Большим стимулом к написанию этого теоретического обобщения послужило также обсуждение этой темы с Алексеем Алексеевичем Леонтьевым, который считал её одной из сложнейших тем и в психолингвистике. Более того, несколько страниц в своем знаменитом учебнике по этой дисциплине Алексей Алексеевич посвятил связи межполушарной асимметрии с речевыми функциями мозга (Леонтьев, 1999, с.274-275), считая это направление одним из путей её развития, т. к. «…лингвистика сейчас остро нуждается в притоке новых идей….» (Там же, с.277).
Светлой памяти Алексея Алексеевича Леонтьева, одного из основателей советской психолингвистики, автор посвящает эту книгу.

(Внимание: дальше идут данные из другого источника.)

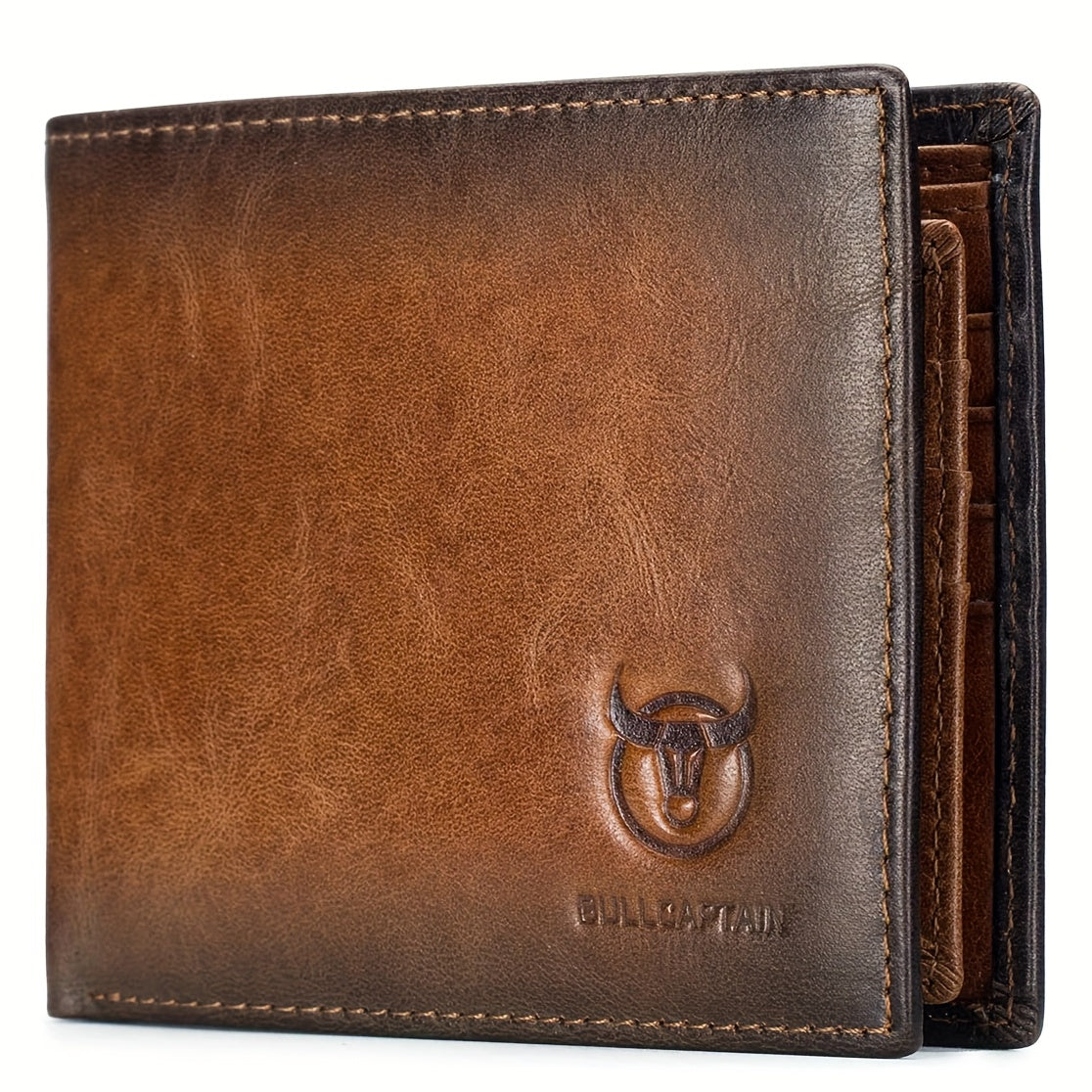 محفظة رجالية من الجلد الطبيعي مع حماية RFID، محفظة مزدوجة من جلد البقر، محفظة ريترو ذات سعة كبيرة، حقيبة نقود مع 14 فتحة لبطاقات الائتمان + 2 جيوب للنقود + 1 نافذة للهوية، أفضل هدية لعيد الحب للرجال، عيد الأب، الهالوين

[1] Под отечественной лингвистикой я имею в виду лингвистику стран содружества независимых государств (СНГ).
[2] В рамках этой работы оба эти направления мы объединяем в одно под общим названием «гендерные исследования в языкознании».
[3] Функциональная асимметрия мозга (ФАМ), функциональная специализация полушарий, латерализация функций, доминантность полушарий, полушарность и т.д. на страницах этой работы и на сегодняшний момент развития концептуального аппарата этого направления все эти обозначения являются взаимозаменяемыми понятиями.